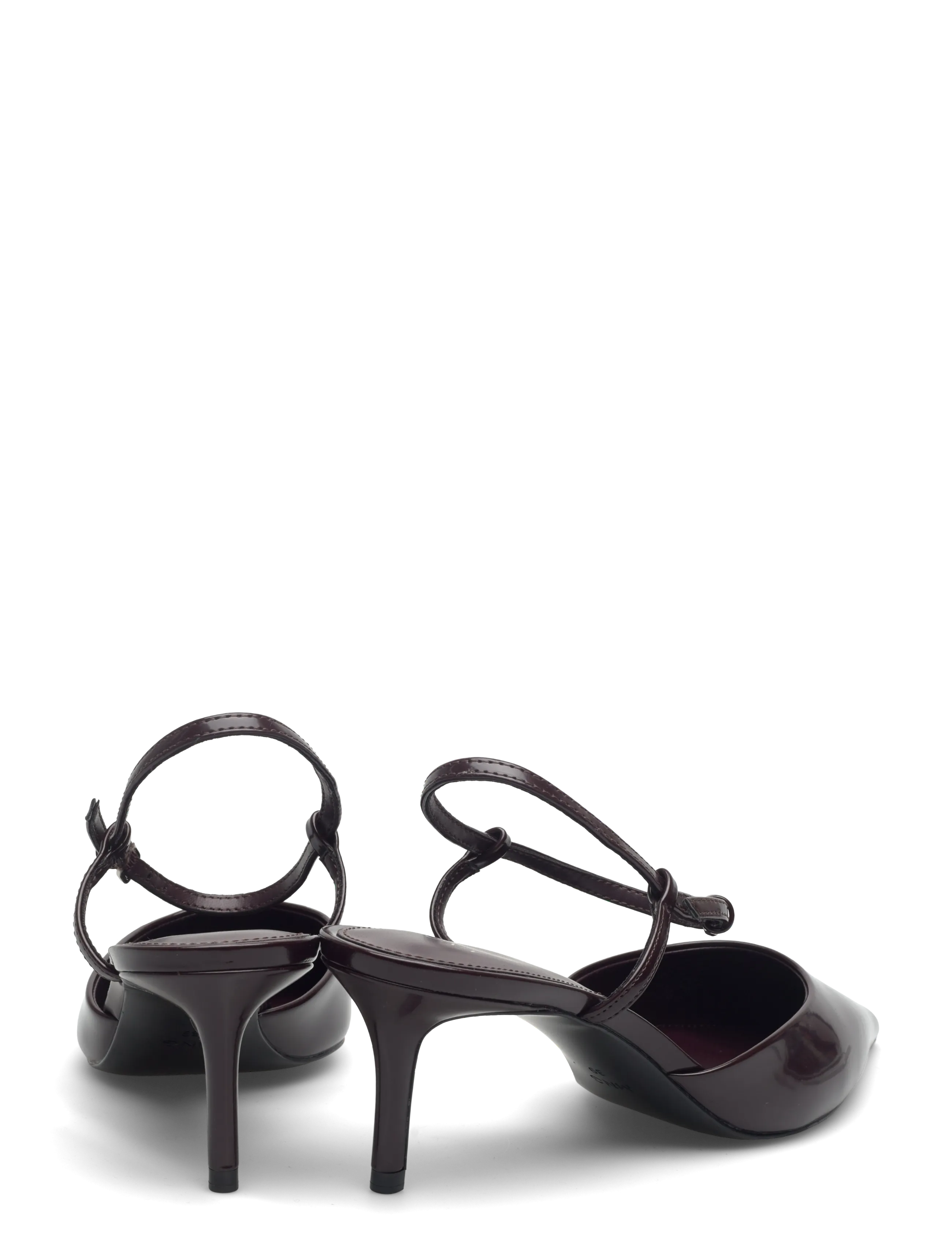 Mango - Kitten-heeled shoes with ankle strap - dark red - 5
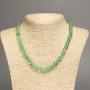 Opal glass necklace green and blue matte chameleon smooth bead, diameter 8mm+-, length 49cm+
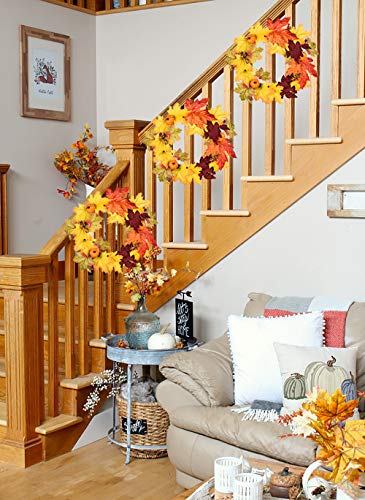 13 Inch Artificial Autumn Fall Wreath, Harvest Thanksgiving Door Wreath For Front Door With Pumpkins, Berry And Maple Leaf #TOP4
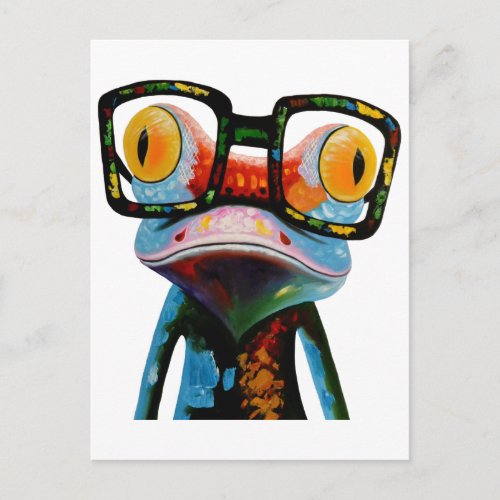 Hipster Glasses Frog Postcard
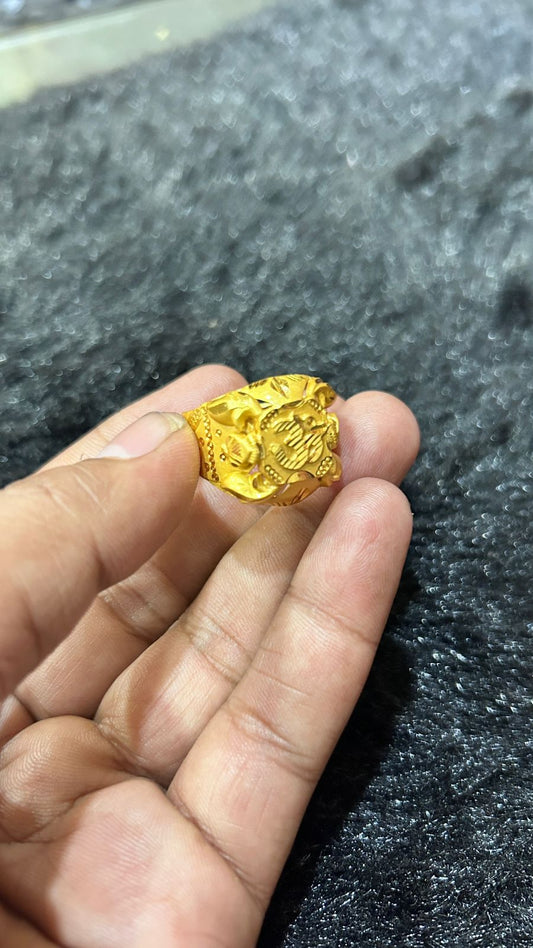 OM Symbol Gold Forming Rajwadi Style Ring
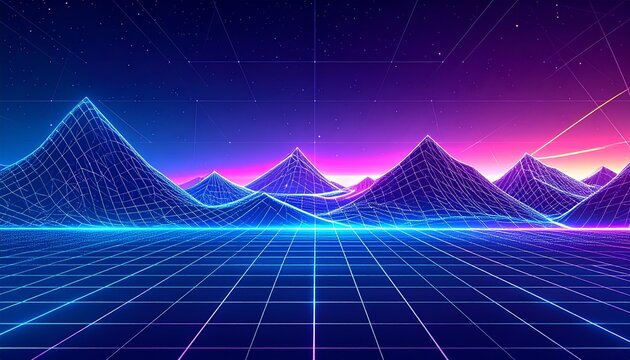 Neon Gridscape A Futuristic Digital Landscape Depicting Mountains and a Cyberpunk Aesthetic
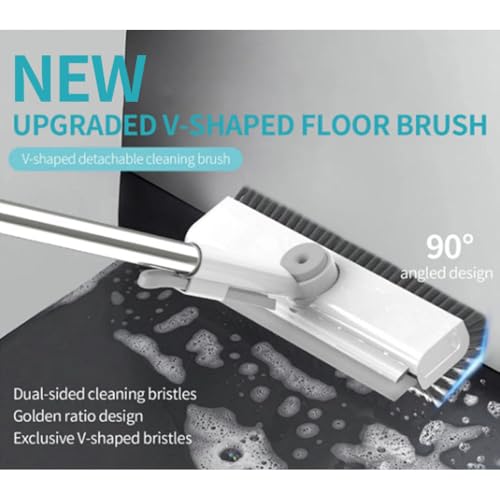Image of 3 in 1 Bathroom Cleaning Brush with Wiper - Heavy Duty 51 inch Long Handle 360 Rotate Floor Scrubber Brush, Tiles Cleaning, Floor Scrub for Kitchen and Bathroom Wall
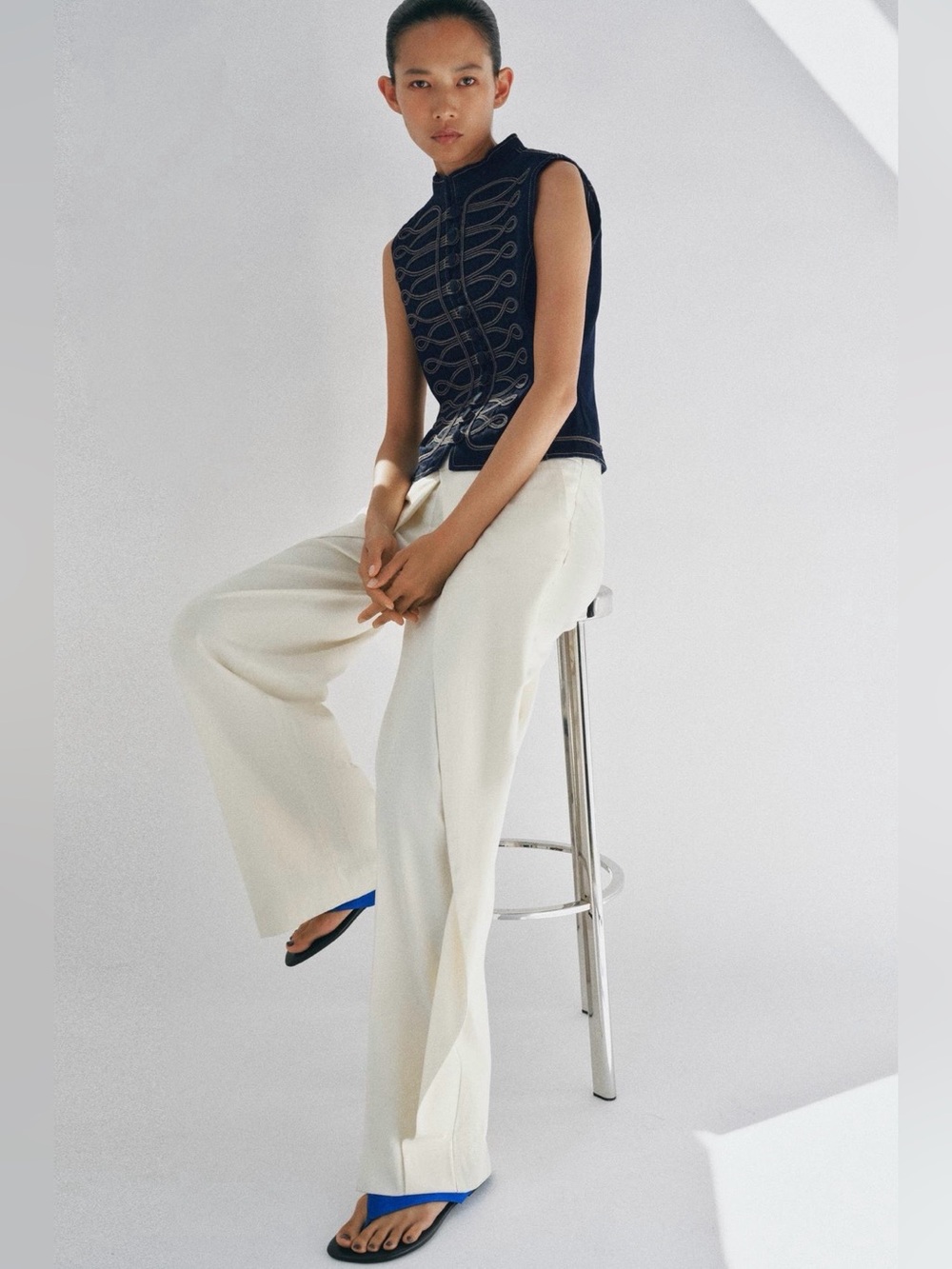 Zara Flat Leather Sandal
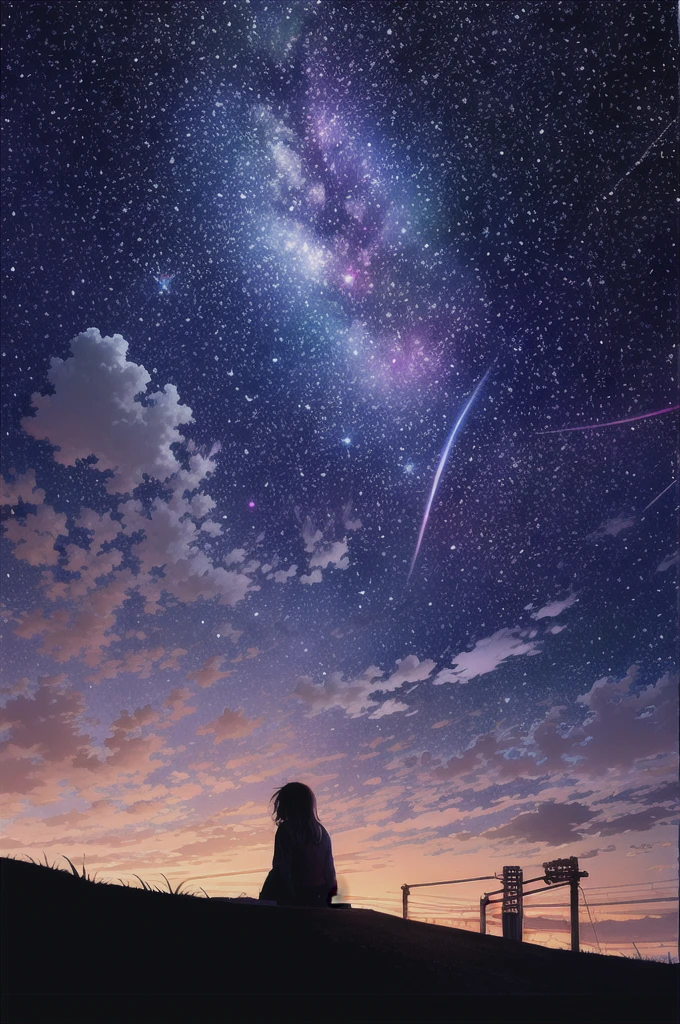 Octane, null, star (null), scenery, starry null, night, One girl, night null, alone, Outdoor, sign, building, cloud, milky way, Sitting, wood, Long Hair, city, silhouette, cityscape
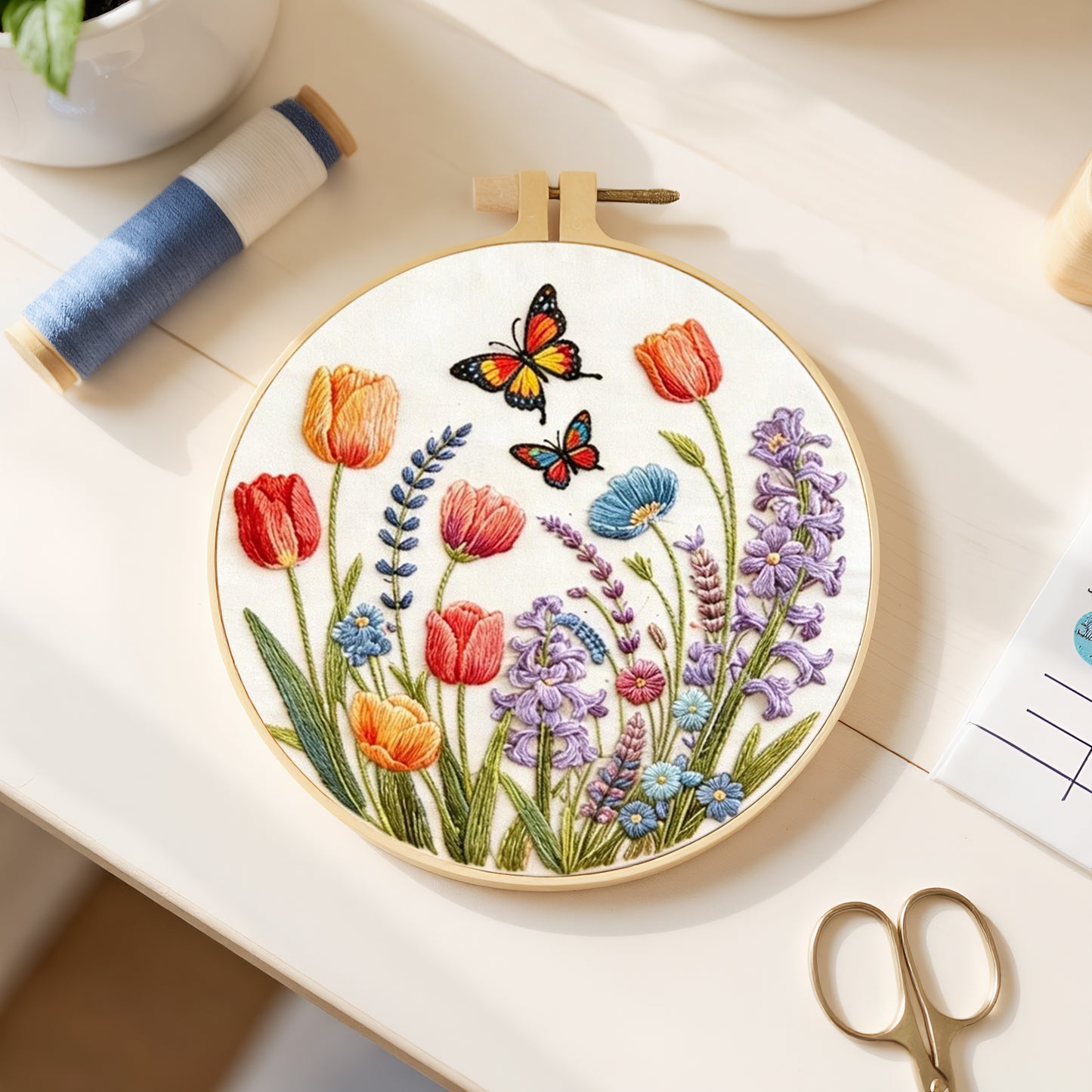 Spring Meadow - DIY Embroidery Cross Stitch Kit with Pattern Cotton Threads Needles Hoop 29x29CM/11.42x11.42in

*Exercise directions*:
Copy nothing but the lines from the one containing "Octane, null, star" through the last line of the listing above, transcribed exactly and with no pictures.

*Output for this task*:
 Octane, null, star (null), scenery, starry null, night, One girl, night null, alone, Outdoor, sign, building, cloud, milky way, Sitting, wood, Long Hair, city, silhouette, cityscape
 Spring Meadow - DIY Embroidery Cross Stitch Kit with Pattern Cotton Threads Needles Hoop 29x29CM/11.42x11.42in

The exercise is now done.